» **Task details**: Using the listing below, set down exactly the lines starting at the line that contains "Toaster's Treats" and ending at the line that contains "Dragan Čović. N. Šaljić / Avaz", both included, and no others.
=== Given information ===
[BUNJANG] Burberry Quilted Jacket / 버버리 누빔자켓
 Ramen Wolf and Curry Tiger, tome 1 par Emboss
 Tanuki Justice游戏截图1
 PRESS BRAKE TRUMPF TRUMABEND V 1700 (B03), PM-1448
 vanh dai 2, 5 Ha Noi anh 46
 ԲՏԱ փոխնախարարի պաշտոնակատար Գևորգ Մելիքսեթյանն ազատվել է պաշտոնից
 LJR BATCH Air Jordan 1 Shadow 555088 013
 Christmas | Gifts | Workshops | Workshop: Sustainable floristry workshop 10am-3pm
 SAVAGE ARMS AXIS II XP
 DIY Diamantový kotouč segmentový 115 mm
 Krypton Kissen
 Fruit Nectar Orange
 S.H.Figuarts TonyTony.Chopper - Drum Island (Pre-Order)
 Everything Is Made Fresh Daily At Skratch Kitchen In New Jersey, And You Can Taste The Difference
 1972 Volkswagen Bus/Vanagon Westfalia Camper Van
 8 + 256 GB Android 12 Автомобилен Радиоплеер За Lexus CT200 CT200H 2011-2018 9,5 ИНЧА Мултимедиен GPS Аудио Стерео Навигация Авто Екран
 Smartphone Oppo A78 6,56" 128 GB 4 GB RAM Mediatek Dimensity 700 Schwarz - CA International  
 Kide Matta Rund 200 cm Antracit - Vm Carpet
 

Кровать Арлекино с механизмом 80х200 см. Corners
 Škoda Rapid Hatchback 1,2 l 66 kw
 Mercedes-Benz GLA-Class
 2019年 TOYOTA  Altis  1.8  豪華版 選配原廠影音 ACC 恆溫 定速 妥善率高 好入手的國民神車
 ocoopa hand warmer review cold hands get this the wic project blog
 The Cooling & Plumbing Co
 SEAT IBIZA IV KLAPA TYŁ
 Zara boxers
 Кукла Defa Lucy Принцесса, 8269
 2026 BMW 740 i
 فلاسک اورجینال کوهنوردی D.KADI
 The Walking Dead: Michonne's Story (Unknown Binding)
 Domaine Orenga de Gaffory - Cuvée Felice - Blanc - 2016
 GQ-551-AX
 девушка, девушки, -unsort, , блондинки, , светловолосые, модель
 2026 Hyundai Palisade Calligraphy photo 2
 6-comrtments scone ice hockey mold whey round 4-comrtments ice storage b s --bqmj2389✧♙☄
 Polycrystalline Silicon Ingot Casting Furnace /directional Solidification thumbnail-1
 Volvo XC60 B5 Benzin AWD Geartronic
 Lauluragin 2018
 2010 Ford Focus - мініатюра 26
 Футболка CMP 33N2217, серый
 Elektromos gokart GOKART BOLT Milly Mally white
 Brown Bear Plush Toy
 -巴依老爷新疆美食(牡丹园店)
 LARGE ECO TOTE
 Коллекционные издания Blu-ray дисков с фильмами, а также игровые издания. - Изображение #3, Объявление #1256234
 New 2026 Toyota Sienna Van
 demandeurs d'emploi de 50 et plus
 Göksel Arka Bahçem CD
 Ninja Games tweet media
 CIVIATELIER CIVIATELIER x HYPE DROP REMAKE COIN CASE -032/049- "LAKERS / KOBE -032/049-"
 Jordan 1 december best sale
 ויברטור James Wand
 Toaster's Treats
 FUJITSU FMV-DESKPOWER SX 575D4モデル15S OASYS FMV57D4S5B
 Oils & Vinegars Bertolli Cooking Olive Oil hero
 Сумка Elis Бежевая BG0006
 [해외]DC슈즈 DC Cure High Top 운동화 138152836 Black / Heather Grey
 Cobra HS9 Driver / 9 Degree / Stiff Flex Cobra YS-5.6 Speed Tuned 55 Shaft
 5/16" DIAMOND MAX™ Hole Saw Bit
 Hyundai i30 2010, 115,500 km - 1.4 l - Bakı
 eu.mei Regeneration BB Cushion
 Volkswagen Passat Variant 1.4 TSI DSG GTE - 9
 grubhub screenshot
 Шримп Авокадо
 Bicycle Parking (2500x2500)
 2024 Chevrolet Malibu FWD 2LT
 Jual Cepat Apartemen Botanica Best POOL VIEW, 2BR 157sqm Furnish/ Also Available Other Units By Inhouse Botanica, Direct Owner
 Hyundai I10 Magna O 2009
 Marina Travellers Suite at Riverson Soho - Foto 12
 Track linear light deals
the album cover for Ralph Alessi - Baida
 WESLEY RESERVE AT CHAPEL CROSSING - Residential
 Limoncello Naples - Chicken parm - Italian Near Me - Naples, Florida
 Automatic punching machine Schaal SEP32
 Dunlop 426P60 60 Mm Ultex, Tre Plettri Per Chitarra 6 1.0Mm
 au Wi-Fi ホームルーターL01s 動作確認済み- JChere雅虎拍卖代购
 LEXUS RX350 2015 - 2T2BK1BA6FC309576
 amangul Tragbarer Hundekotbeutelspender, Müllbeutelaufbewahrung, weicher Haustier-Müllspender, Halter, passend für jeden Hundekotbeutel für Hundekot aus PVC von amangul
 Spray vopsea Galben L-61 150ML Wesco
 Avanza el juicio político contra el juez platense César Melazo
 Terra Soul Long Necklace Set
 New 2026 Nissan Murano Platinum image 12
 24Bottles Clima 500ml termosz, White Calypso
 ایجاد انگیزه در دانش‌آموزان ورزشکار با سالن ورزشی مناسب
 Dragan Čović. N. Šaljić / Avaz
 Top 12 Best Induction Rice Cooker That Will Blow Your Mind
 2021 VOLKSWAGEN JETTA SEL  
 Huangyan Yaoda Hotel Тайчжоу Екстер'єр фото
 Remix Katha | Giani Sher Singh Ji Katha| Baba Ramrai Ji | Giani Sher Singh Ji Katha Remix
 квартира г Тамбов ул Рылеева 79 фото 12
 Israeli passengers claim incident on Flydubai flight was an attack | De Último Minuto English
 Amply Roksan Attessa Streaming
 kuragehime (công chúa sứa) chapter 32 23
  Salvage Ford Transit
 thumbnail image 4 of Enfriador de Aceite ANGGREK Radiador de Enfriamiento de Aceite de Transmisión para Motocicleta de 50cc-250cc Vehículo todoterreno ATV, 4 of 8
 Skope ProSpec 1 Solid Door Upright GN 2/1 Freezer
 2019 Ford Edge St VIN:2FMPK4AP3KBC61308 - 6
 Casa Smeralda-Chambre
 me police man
===
» **Response to the task**:
 Toaster's Treats
 FUJITSU FMV-DESKPOWER SX 575D4モデル15S OASYS FMV57D4S5B
 Oils & Vinegars Bertolli Cooking Olive Oil hero
 Сумка Elis Бежевая BG0006
 [해외]DC슈즈 DC Cure High Top 운동화 138152836 Black / Heather Grey
 Cobra HS9 Driver / 9 Degree / Stiff Flex Cobra YS-5.6 Speed Tuned 55 Shaft
 5/16" DIAMOND MAX™ Hole Saw Bit
 Hyundai i30 2010, 115,500 km - 1.4 l - Bakı
 eu.mei Regeneration BB Cushion
 Volkswagen Passat Variant 1.4 TSI DSG GTE - 9
 grubhub screenshot
 Шримп Авокадо
 Bicycle Parking (2500x2500)
 2024 Chevrolet Malibu FWD 2LT
 Jual Cepat Apartemen Botanica Best POOL VIEW, 2BR 157sqm Furnish/ Also Available Other Units By Inhouse Botanica, Direct Owner
 Hyundai I10 Magna O 2009
 Marina Travellers Suite at Riverson Soho - Foto 12
 Track linear light deals
the album cover for Ralph Alessi - Baida
 WESLEY RESERVE AT CHAPEL CROSSING - Residential
 Limoncello Naples - Chicken parm - Italian Near Me - Naples, Florida
 Automatic punching machine Schaal SEP32
 Dunlop 426P60 60 Mm Ultex, Tre Plettri Per Chitarra 6 1.0Mm
 au Wi-Fi ホームルーターL01s 動作確認済み- JChere雅虎拍卖代购
 LEXUS RX350 2015 - 2T2BK1BA6FC309576
 amangul Tragbarer Hundekotbeutelspender, Müllbeutelaufbewahrung, weicher Haustier-Müllspender, Halter, passend für jeden Hundekotbeutel für Hundekot aus PVC von amangul
 Spray vopsea Galben L-61 150ML Wesco
 Avanza el juicio político contra el juez platense César Melazo
 Terra Soul Long Necklace Set
 New 2026 Nissan Murano Platinum image 12
 24Bottles Clima 500ml termosz, White Calypso
 ایجاد انگیزه در دانش‌آموزان ورزشکار با سالن ورزشی مناسب
 Dragan Čović. N. Šaljić / Avaz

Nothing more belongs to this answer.